Thursday, February 27, 2014

ONE ANGLER'S VISION--FISHERIES MANAGEMENT: PART I THE MYTH OF "COMMUNITY"

Earlier this month, the Theodore Roosevelt Conservation Partnership issued a report entitled “A Vision for Managing America’s Saltwater Recreational Fisheries” (http://www.trcp.org/assets/pdf/Visioning-Report-fnl-web.pdf).  The report is apparently intended to inform federal legislators during the run-up to the Magnuson Act reauthorization, and serve as a guide to how anglers want federal fisheries laws to work.

The problem is that I’m an angler, and you’re probably an angler, and there’s a pretty good chance that TRCP never asked any of us whether we shared this “Vision” of theirs.  I’m not sure who represents my point of view these days—the folks who once did have since changed their minds—but given how the “Vision” came out, I don’t think that anyone consulted them, either.  Yet, because of the people behind the “Vision”, it is going to be promoted as our agenda, whether or not we were asked, and whether or not we agree.

That said, the “Vision” report isn’t irreparably bad.  It contains some pretty good ideas.  But because it tries to please everyone connected to recreational fishing, it also contains some really awful suggestions that, on balance, outweigh the good.  After I read what was probably the inspiration for the “Vision” report—a paper produced by one of the report’s “contributors” about a year ago—I walked away from the folks responsible, even though I had worked with them for seventeen years.  Those bad parts are really bad…    

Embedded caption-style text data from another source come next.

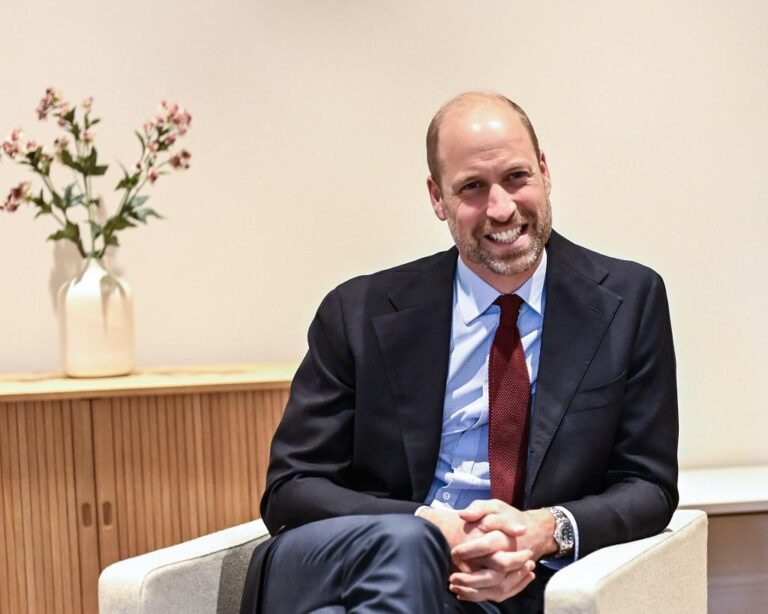 Príncipe Harry Fica de Fora do Casamento de Peter Phillips: Entenda o Motivo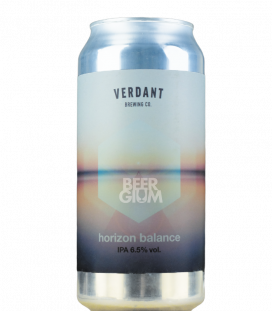 Verdant Brewing Co Horizon Balance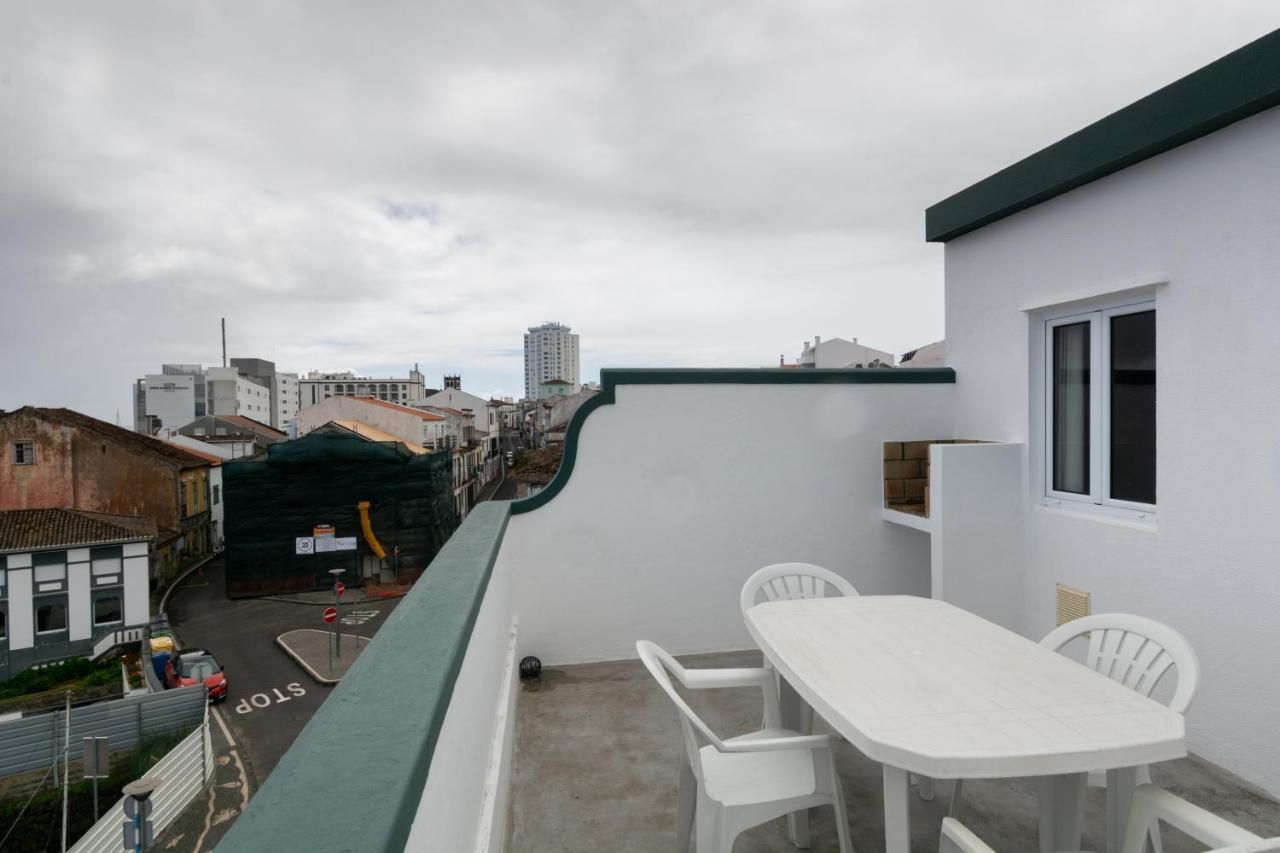 Pero De Teive House Villa Ponta Delgada Exterior foto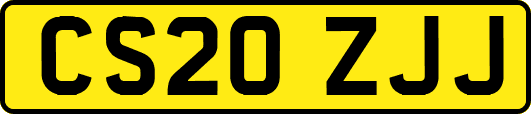 CS20ZJJ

Do you remember Procrustes?  In Greek myth, he was a sort of innkeeper from Hell, who invited weary travelers to spend the night.  If someone was too tall and didn’t fit in his bed, Procrustes would just chop of their legs to fix things.  And if someone was short and didn’t use the full mattress, he was more than glad to stretch that squat body until it filled the available space. 

TRCP’s “Vision” is a sort of Procrustes’ bed for the angling community.  TRCP notes that

“The work to implement a national policy for recreational fishing will take a collective effort in which all segments of the recreational fishing community will need to come together and engage with fisheries managers, policymakers and other stakeholders to create a unified vision.” 
That sounds pretty nice in a Kumbaya sort of way, but when TRCP took it upon itself to “set the foundation for a management system that addresses the needs of anglers and industry,” it assumed an impossible task.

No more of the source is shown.